The military action, aimed at halting Iran’s development of nuclear weapons, could lead to higher energy prices, restricted shipping routes in the Middle East, and additional pressure on global freight networks.
Bruce Chan, Managing Director at investment firm Stifel, said in a research note that one of the biggest impacts has been the apparent closing of the Strait of Hormuz. Chan wrote that the conflict has caused a “shuttering of the Strait of Hormuz, and a prolonged effect of reduced Suez Canal and Red Sea shipping traffic.”
Those developments come at a time when shipping traffic in the Red Sea had only recently begun showing signs of returning to normal after attacks by Yemen’s Houthi militants disrupted the corridor beginning in late 2023. Before those attacks, the Red Sea and Suez Canal route carried roughly 10% to 15% of global maritime trade.
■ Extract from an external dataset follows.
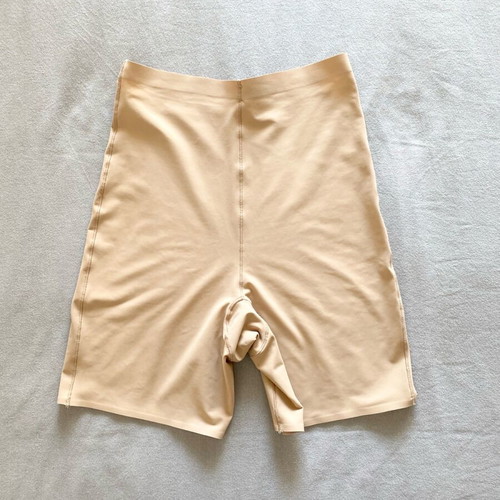 Oysho corset small size like new, beige
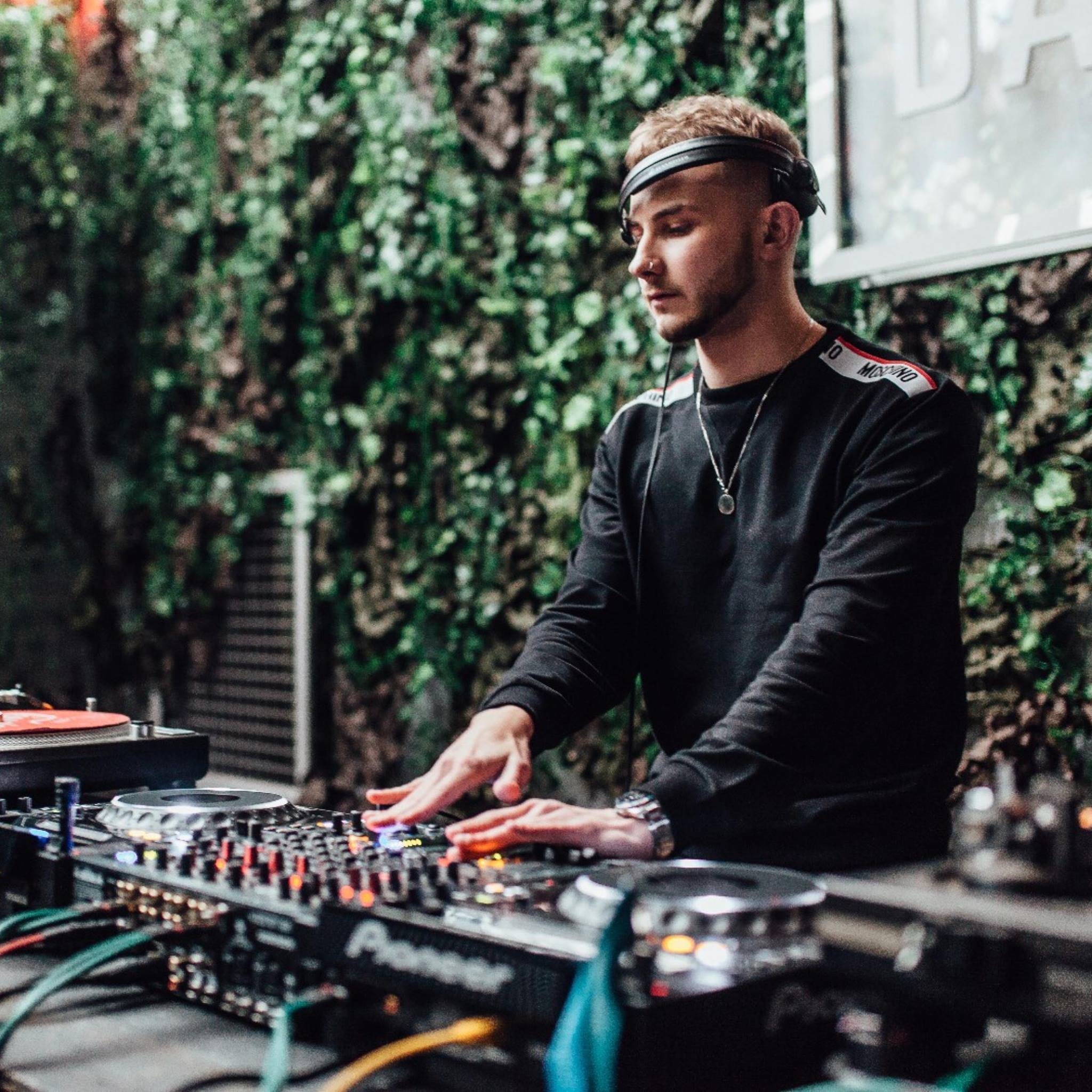 Ryan Nicholls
Chan said the conflict could curtail global fleet capacity and keep ocean container rates elevated for longer. Following the strikes, container shipping lines suspended transit through the Strait of Hormuz, affecting vessels that represent roughly 2% of the global ocean container fleet.
“Increased uncertainty from geopolitical conflict presents a broad risk to demand, especially if fuel prices increase substantially enough to affect consumer discretionary expenditures,” Chan wrote.
Energy markets are also closely watching developments in the region.
Daniel Moore, an analyst at Baird & Co., said the potential closing of the Strait of Hormuz is particularly significant because a large portion of the world’s oil supply moves through the waterway.
He noted that roughly 20% of global petroleum liquids consumption and about one-third of globally traded seaborne crude oil moves through the strait, representing about 17 million to 20 million barrels per day. Around 90% of Saudi Arabia’s oil exports also pass through the corridor.
“The most immediate consequence of these developments is higher energy prices,” Moore wrote. “However, the impact is unlikely to stop there. Disruption to maritime corridors will likely push container rates incrementally higher in some lanes as transit times lengthen and insurance premiums rise. At the same time, shippers seeking to mitigate delay risk may shift incremental volume to air cargo, increasing demand for lift capacity, which is likely to place upward pressure on airfreight rates across much of the region. We expect the direct economic impact on U.S. and European markets to be more limited.”